In deze zaak heeft het Gerechtshof Amsterdam op 19 november 2019 uitspraak gedaan in hoger beroep over de gezagskwestie van de minderjarige [de minderjarige]. De vrouw, verzoekster in hoger beroep, had eerder in de procedure verzocht om gezamenlijk gezag over [de minderjarige], terwijl de man, verweerder in hoger beroep, het verzoek had ingediend om het eenhoofdig gezag over [de minderjarige] te verkrijgen. De rechtbank Amsterdam had op 28 maart 2018 het gezamenlijk gezag beëindigd en het eenhoofdig gezag aan de man toegewezen. De vrouw was het hier niet mee eens en ging in hoger beroep.

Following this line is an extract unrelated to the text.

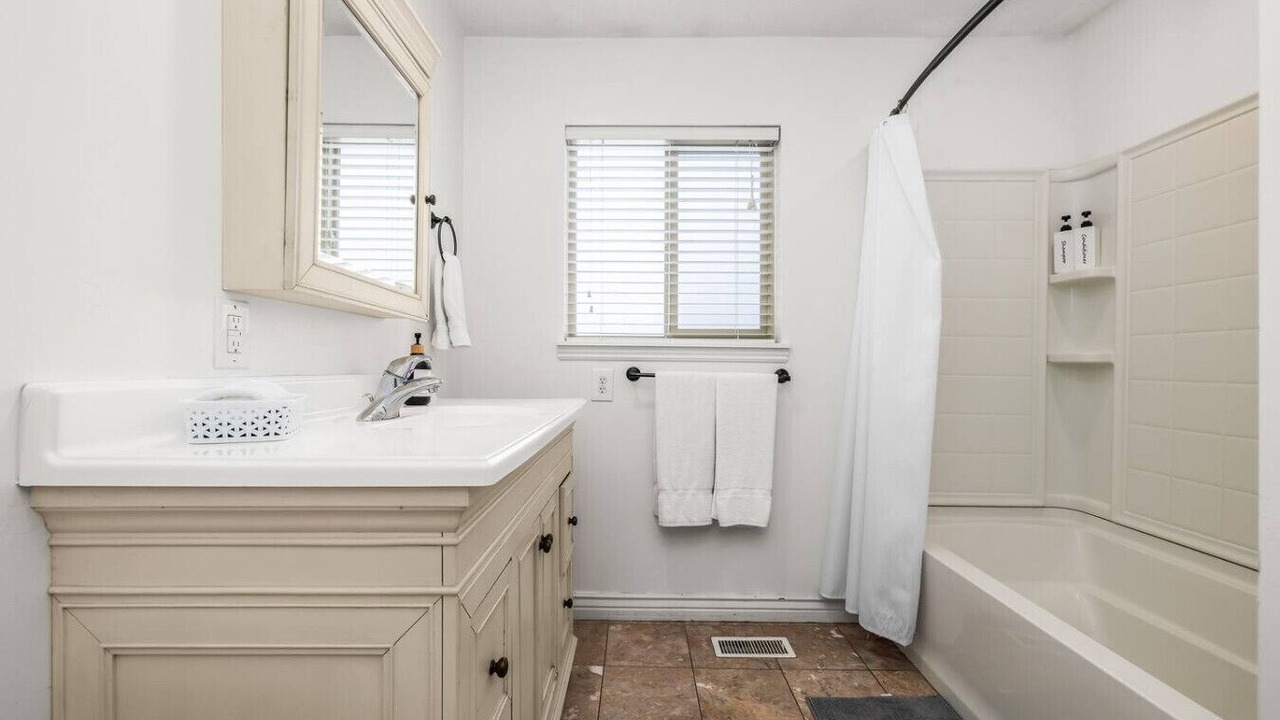 Photo of Bathroom in Lakeview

Tijdens de zittingen werd duidelijk dat de communicatie tussen de ouders in het verleden problematisch was, met spanningen en zorgen over de veiligheid van [de minderjarige]. De Raad voor de Kinderbescherming had in zijn rapport geadviseerd om de huidige woonsituatie van [de minderjarige] bij de man te handhaven en het eenhoofdig gezag van de man in stand te laten. Het hof oordeelde dat, hoewel de communicatie tussen de ouders verbeterd was, deze nog niet voldoende was om gezamenlijk gezag te rechtvaardigen. De situatie van [de minderjarige] vereiste stabiliteit en continuïteit, en het hof achtte het in zijn belang dat de man met het eenhoofdig gezag belast bleef.
Het hof vernietigde de beschikking van de rechtbank voor zover deze het gezamenlijk gezag beëindigde, maar bekrachtigde de beschikking voor het overige. De verzoeken van de vrouw werden afgewezen, en het hof concludeerde dat de huidige situatie in het belang van [de minderjarige] moest worden voortgezet.